In article <26726@megaron.cs.arizona.edu> gudeman@cs.arizona.edu (David Gudeman) writes:
>In article  <3656@lanl.gov> jlg@lanl.gov (Jim Giles) writes:
>
>]Of course, pointers and one dimensional arrays - in spite of their
>]similarity - are indeed different.  For one thing: arrays are bounded.
>
>You know, Jim, it doesn't help your argument any when you keep
>bringing up the same points long after they have been discredited.
>Pointers are bounded just like array indexes.

Actually, it just shows that we're talking past each other most of the
time. Here's a practical example where the boundedness of array
references allows you to easily generate better code:

     a[i] = b[i] + c[i]             *a = *b + *c;
     d[i] = b[i] / 2.               *d = *b / 2.

For the array version, the compiler can check to see if a and b
overlap, and if not it doesn't have to load b[i] twice. For the
pointer version, the compiler has to figure out what a, b, c, and d
point at, if it even bothers at all.

>  Yes, most
>implementations of C don't check the bounds, but that is because in
>the definition of the C language, run-time errors are generally
>defined to produced undefined results.

I'm not worried about run-time errors, I'm worried about run-time
efficiency. Some languages are hard to optimize. When C programers do
strength reduction by hand on array accesses, they create an
optimization mess.

ok@goanna.cs.rmit.oz.au (Richard A. O'Keefe) (10/29/90)

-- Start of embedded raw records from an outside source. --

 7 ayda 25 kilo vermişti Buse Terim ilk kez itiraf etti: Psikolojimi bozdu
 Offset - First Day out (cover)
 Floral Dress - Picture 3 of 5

In article <1990Oct28.015733.9181@murdoch.acc.Virginia.EDU>, gl8f@astsun9.astro.Virginia.EDU (Greg Lindahl) writes:
> Actually, it just shows that we're talking past each other most of the
> time. Here's a practical example where the boundedness of array
> references allows you to easily generate better code:
> 
>      a[i] = b[i] + c[i]             *a = *b + *c;
>      d[i] = b[i] / 2.               *d = *b / 2.
> 
> For the array version, the compiler can check to see if a and b
> overlap, and if not it doesn't have to load b[i] twice. For the
> pointer version, the compiler has to figure out what a, b, c, and d
> point at, if it even bothers at all.

Yes, *sigh* we're all talking past each other.
	THIS IS NOT AN INTRINSIC PROPERTY OF POINTERS;
	it is a property of the programming language *C*.

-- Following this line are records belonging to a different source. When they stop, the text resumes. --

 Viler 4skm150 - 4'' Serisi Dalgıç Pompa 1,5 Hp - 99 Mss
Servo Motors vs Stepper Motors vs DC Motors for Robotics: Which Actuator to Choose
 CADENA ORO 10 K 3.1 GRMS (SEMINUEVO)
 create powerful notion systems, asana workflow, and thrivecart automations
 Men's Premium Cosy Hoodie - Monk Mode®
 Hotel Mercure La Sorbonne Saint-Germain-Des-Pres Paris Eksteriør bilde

I haven't my Euclid manual handy, so I'll use Pascal syntax and
the Euclid idea:
	var
	    az: zone of real;
	    bz: zone of real;
	    ap, dp: ^az;
	    bp, cp: ^bz;
	begin
	    new(ap);	(* allocates from zone az only *)
	    ...
	    ap^ := bp^ + cp^;	(* this assignment CANNOT change bp^ or cp^ *)
	    dp^ := bp^/2;	(* neither can this *)	    
	    ...

The fact that C pointers are not statically associated with
separate zones is no more a fundamental property of pointers
than the fact that PL/I pointers are not statically associated
with a type.

To put this into C terms, suppose we introduce a new type
constructor "pointer into named array".  Here's how the example
might look:

	float a[N], b[N], c[N], d[N];
	float *[a] ap, *[b] bp, *[c] cp, *[d] dp;
	... ap = ... bp = ... dp = ...
	*ap = *bp + *cp;	/* can ONLY change a[] and *ap */
	*dp = *bp/2;		/* can ONLY change d[] and *dp */

This would be an upwards compatible extension C, just as 'const' was.
-- 
The problem about real life is that moving one's knight to QB3
may always be replied to with a lob across the net.  --Alasdair Macintyre.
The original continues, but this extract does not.